Task directions:
Your answer must be an exact transcription of the data, with every picture omitted.

Data provided:

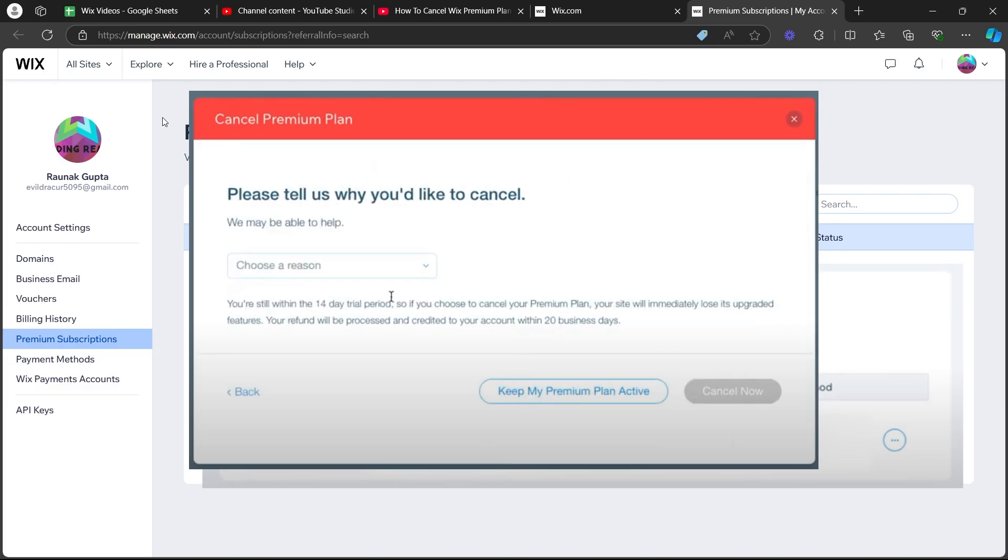After you type in the reason, you will see the cancel now button available. Just click on that button and your Wix subscription will be successfully cancelled. So that's how you cancel Wix subscription.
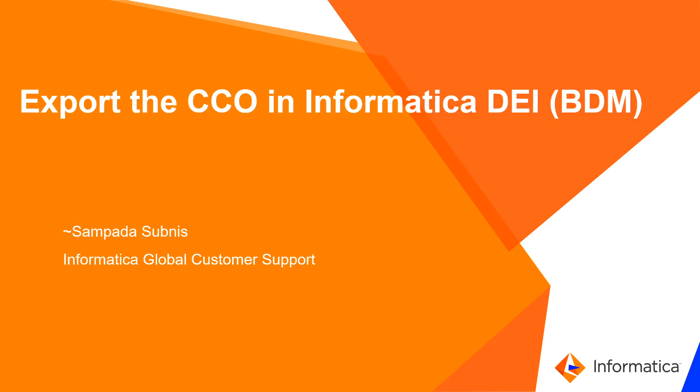Hello everyone, in this video, let us see how to export the cluster configuration object or the CCO in the Informatica DEI.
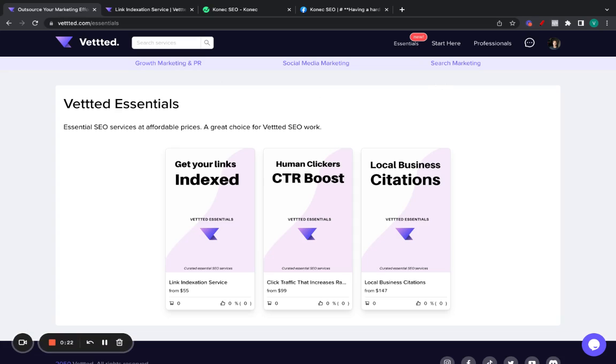Just as a side note, I own Vetted, as I'm sure some of you know. And this Essentials line is something we just released last week, I think, as a test to see if people like it, see if it works. If not, we'll remove it completely. But so far, people are liking it.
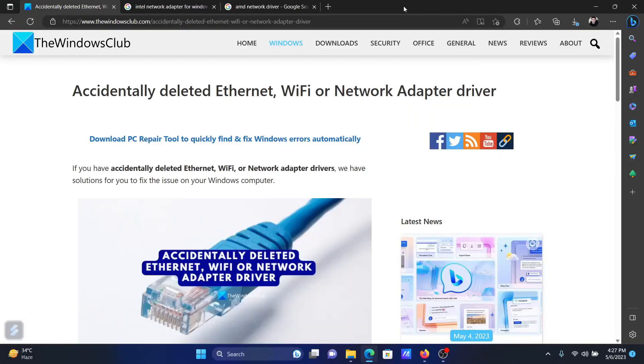Welcome to The Windows Club. If you accidentally deleted your Ethernet, Wi-Fi, or network adapter driver and you wish to reinstall it on your computer, then either read this article on the website or simply watch this video. I will guide you through the resolution.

Task solution:
After you type in the reason, you will see the cancel now button available. Just click on that button and your Wix subscription will be successfully cancelled. So that's how you cancel Wix subscription.
Hello everyone, in this video, let us see how to export the cluster configuration object or the CCO in the Informatica DEI.
Just as a side note, I own Vetted, as I'm sure some of you know. And this Essentials line is something we just released last week, I think, as a test to see if people like it, see if it works. If not, we'll remove it completely. But so far, people are liking it.
Welcome to The Windows Club. If you accidentally deleted your Ethernet, Wi-Fi, or network adapter driver and you wish to reinstall it on your computer, then either read this article on the website or simply watch this video. I will guide you through the resolution.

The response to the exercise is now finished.